Although acknowledging that the crypto bubble had burst in 2022, the Coingecko 2022 industry report affirmed that the “excesses” from the last bull market had been flushed out. Bobby Ong, COO and co-founder of Coingecko said:
“2022 marked a turning point for the crypto industry – one that flushed out unsustainable excesses from the bull run. In this new year, we hope to see crypto slowly make a recovery, with more efforts going towards rebuilding trust and credibility.”
The report highlighted several areas of the crypto market, and began by noting that the market had begun the year at $2.3 trillion, but had fallen below $1 trillion by Q2. The second half of the year saw sideways movement as crypto consolidated down to $829 million, losing more than 64% of total market cap for the year.
Stablecoins increased dominance as investors looked for safer havens, with the exception of when Terra Luna collapsed, which saw a $27.3 million stablecoin outflow. Since that time, stablecoins have shown more resilience.

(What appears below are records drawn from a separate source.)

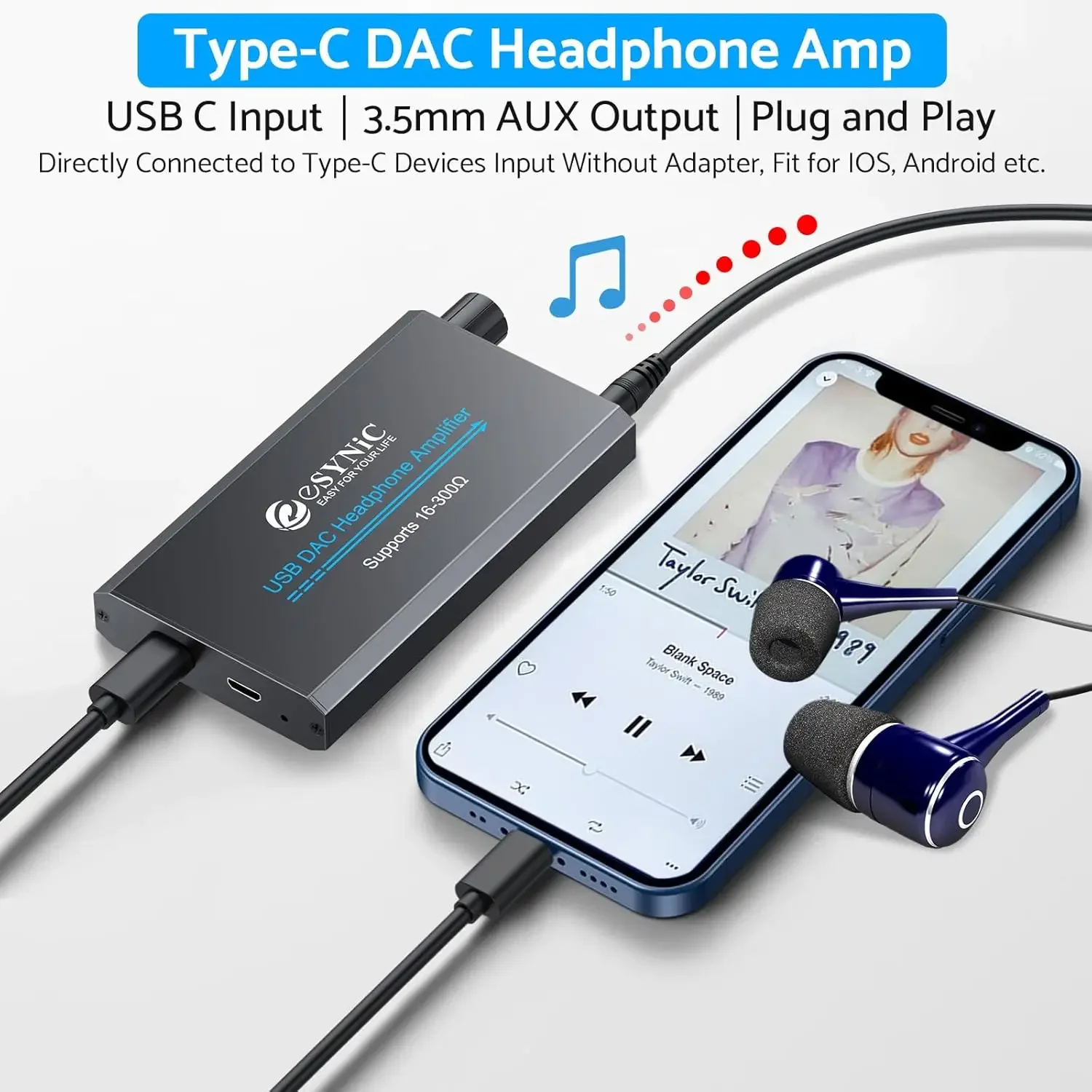 eSynic Headphone Amplifier 16-300Ω Professional Portable USB DAC Headphone Amp Type-C Input 3.5mm Output Rechargeable for Phone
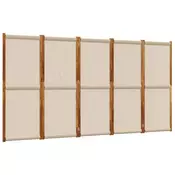Vidaxl vidaXL 5-delna sobna pregrada, sivo-rjava, 350x180 cm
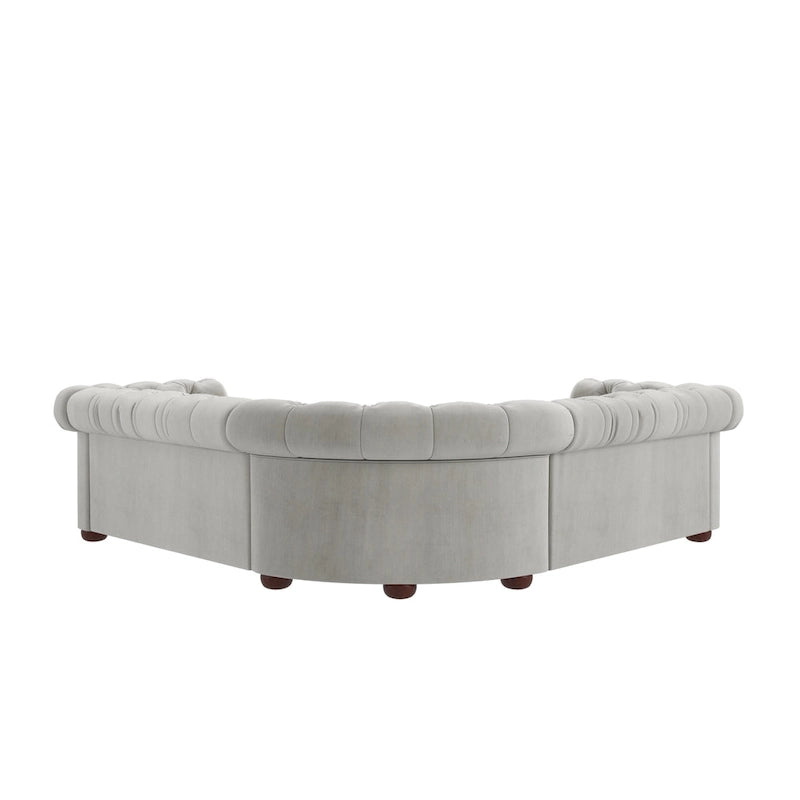 Divano sezionale Chesterfield a L – Trapuntato, 5 posti | Lino / Velluto / Ecopelle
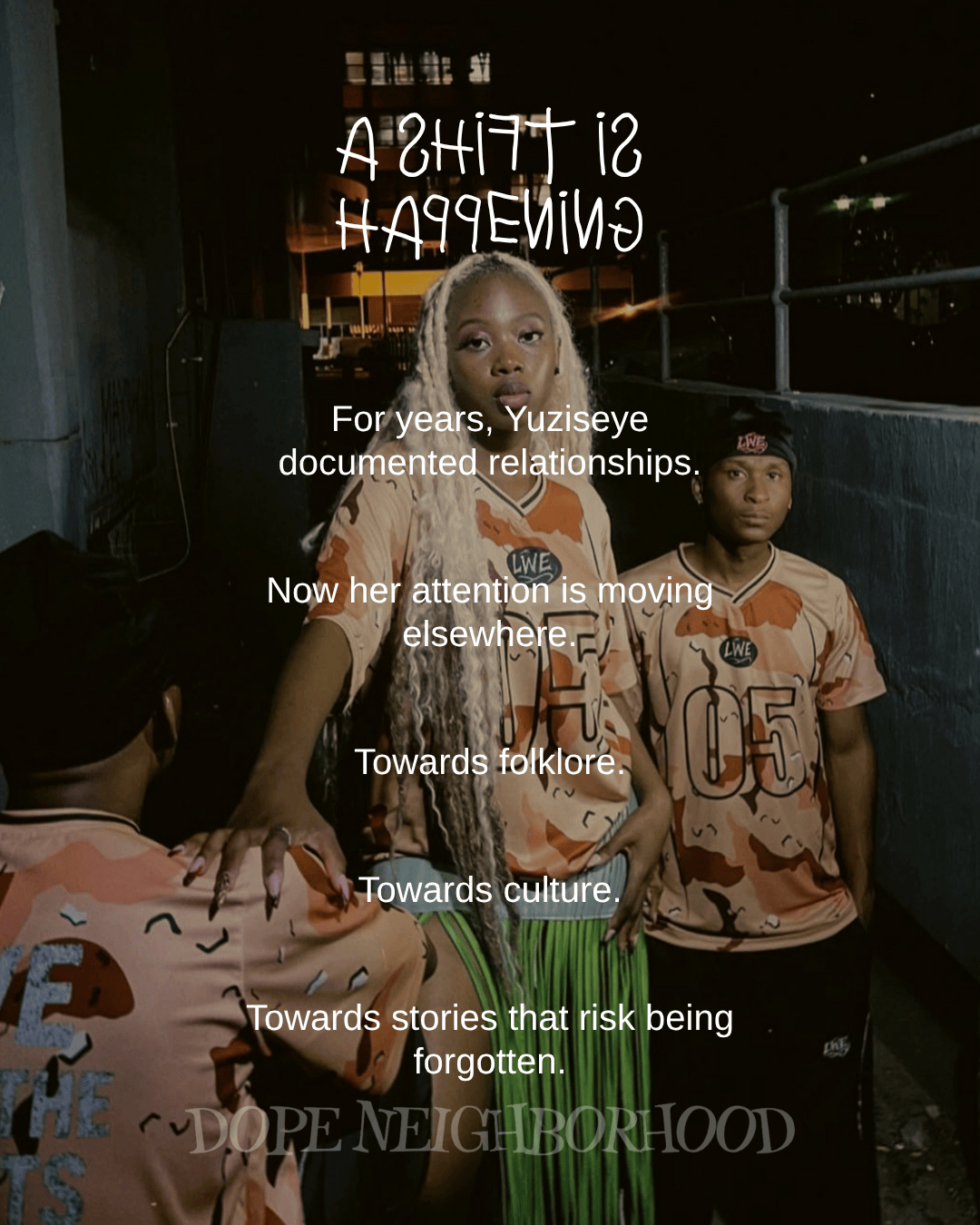 A young woman with long blonde hair wearing a light-colored shirt stands in front of two individuals in matching clothing, with nightscape and urban elements in the background. The text overlay discusses themes of relationships, culture, and folklore.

During the year, Bitcoin performed the worst against all other asset classes. Its 64.2% loss was almost double that of the Nasdaq, and more than three times the S&P 500.
As the bear market progressed, ETH staking grew from 8.8 million ETH staked the previous year, to 15.8 million by the end of 2022, perhaps in anticipation of the Shanghai upgrade expected in March this year.
The DeFi market cap shrank by 72.9%, with protocols such as Convex Finance (CVX) and Alchemix (ALCX) losing up to 95%. The derivatives niche saw far more activity and surpassed yield aggregators by market share.
In the NFT market, OpenSea was able to maintain its dominance over other NFT marketplaces with 65.4% of trading volume. The Solana-based Magic Eden ate into the dominance by rising to a 12.5% share. With wash trading becoming a concern, NFT creator royalties shrank by 94.9%.
Spot trading decreased over the year, and reached a low point in December of $0.46 trillion. Down from $1.5 trillion at the start of the year. Despite the FTX collapse, centralised exchanges still accounted for 92.5% of all trading volume.
Disclaimer: This article is provided for informational purposes only. It is not offered or intended to be used as legal, tax, investment, financial, or other advice.